The Basilica of Notre-Dame de Ceignac is located near Rodez, in southern France (the Aveyron region), in the town of Calmont. This place in the historical province of Rouergue has been dedicated to the Virgin Mary for a very long time.
Historians attribute its foundation to Saint Martial himself, when he came to evangelize the region, although there are no official records of it. There is, however, the testimony of the knight of Rudelle, parish priest of Ceignac in 1823, who wrote:
"Tradition reports that around the year 1150, there was in Hungary a blind prince palatine, very devoted to the Blessed Virgin, whom he often invoked in a chapel where he had seven lamps burning constantly before her image. While he was praying one evening at the foot of the Virgin Mary, she appeared to him and asked him what he wanted from her. He answered that he would like to regain his sight: ‘I am willing to grant it to you,’ replied the Blessed Virgin, ‘but not in this place: Go to the kingdom of France, to a holy chapel built and consecrated to my name near the city of Rodez, in the forest called ‘des Monts’, between the rivers Aveiron and Viaur; it is there that I will answer your prayers.’

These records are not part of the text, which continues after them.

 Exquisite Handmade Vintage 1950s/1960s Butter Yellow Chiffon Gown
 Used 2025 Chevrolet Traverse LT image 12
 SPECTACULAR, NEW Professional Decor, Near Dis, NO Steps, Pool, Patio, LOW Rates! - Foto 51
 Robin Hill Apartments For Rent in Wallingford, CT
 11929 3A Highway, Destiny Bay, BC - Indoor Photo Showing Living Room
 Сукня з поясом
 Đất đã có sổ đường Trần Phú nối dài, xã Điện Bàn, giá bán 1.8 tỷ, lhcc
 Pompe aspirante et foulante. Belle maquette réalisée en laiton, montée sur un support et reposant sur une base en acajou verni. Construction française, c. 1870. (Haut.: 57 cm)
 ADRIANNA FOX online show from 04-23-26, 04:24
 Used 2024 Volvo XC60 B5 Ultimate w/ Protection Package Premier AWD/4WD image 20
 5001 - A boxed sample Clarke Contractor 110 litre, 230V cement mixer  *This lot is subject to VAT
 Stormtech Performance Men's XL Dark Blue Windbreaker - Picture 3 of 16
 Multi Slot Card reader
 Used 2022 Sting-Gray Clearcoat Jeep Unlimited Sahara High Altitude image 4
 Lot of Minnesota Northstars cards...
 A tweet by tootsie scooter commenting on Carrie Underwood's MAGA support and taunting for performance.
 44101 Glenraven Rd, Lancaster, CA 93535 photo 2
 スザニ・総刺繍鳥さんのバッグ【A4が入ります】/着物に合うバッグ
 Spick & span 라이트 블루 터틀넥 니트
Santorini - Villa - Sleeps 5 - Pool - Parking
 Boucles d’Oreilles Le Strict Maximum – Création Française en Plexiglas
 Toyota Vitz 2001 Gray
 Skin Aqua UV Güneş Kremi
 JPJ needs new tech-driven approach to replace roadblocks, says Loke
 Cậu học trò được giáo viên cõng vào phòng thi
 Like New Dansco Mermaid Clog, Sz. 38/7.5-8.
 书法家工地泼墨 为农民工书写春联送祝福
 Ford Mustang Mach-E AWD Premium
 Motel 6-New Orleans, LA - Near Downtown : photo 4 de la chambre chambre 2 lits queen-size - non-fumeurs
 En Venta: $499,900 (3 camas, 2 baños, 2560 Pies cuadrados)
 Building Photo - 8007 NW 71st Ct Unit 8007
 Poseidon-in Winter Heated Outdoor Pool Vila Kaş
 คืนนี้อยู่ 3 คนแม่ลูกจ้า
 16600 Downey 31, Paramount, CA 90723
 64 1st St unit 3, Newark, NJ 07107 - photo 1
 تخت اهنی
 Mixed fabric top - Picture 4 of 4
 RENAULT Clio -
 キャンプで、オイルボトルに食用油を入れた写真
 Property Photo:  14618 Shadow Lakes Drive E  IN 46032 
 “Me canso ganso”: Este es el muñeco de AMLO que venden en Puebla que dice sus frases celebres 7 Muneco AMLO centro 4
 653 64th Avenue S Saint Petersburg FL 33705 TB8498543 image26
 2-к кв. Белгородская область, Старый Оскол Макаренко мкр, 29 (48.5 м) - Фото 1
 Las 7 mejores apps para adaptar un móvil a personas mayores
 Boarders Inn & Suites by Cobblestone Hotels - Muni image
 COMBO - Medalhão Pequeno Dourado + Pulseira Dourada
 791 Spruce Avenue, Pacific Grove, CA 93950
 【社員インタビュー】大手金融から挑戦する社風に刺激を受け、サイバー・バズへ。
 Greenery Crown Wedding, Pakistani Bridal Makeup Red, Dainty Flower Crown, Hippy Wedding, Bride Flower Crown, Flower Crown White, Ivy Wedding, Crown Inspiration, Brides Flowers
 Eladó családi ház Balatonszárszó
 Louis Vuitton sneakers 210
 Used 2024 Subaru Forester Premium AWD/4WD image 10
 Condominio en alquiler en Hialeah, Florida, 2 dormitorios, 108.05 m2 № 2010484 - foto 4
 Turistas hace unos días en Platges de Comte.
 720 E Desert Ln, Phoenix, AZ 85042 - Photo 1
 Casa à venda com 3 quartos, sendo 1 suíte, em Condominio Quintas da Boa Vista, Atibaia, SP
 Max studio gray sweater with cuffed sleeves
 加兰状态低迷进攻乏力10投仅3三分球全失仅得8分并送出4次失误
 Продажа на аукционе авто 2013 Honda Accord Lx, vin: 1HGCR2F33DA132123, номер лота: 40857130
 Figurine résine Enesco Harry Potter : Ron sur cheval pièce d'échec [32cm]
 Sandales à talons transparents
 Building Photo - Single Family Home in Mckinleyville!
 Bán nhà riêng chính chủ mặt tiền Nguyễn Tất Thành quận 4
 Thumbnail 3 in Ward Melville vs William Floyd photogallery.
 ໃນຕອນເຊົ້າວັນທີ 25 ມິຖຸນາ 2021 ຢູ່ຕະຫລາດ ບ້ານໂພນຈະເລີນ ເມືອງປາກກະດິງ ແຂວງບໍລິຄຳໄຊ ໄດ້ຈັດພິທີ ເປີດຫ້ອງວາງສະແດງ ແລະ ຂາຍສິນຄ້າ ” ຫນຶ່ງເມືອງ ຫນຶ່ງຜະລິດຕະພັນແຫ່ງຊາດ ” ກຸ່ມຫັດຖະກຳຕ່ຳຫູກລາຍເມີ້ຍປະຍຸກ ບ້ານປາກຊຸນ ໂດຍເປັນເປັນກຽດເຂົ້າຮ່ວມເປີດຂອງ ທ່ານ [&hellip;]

The prince traveled by boat through the Adriatic Sea, where a storm caused him to lose some of his people. He then crossed the mountains of Languedoc on foot to the chapel of the Mounts, where, having entered, after greeting the Blessed Virgin, he had a mass celebrated inside.
During the celebration, he received three extraordinary graces: the first was the recovery of his sight, during the elevation of the Blessed Sacrament; the second grace was the healing of the fevers with which he was afflicted; the third, which seems no less miraculous, was the unexpected reunion with his sailors who had been scattered at sea.”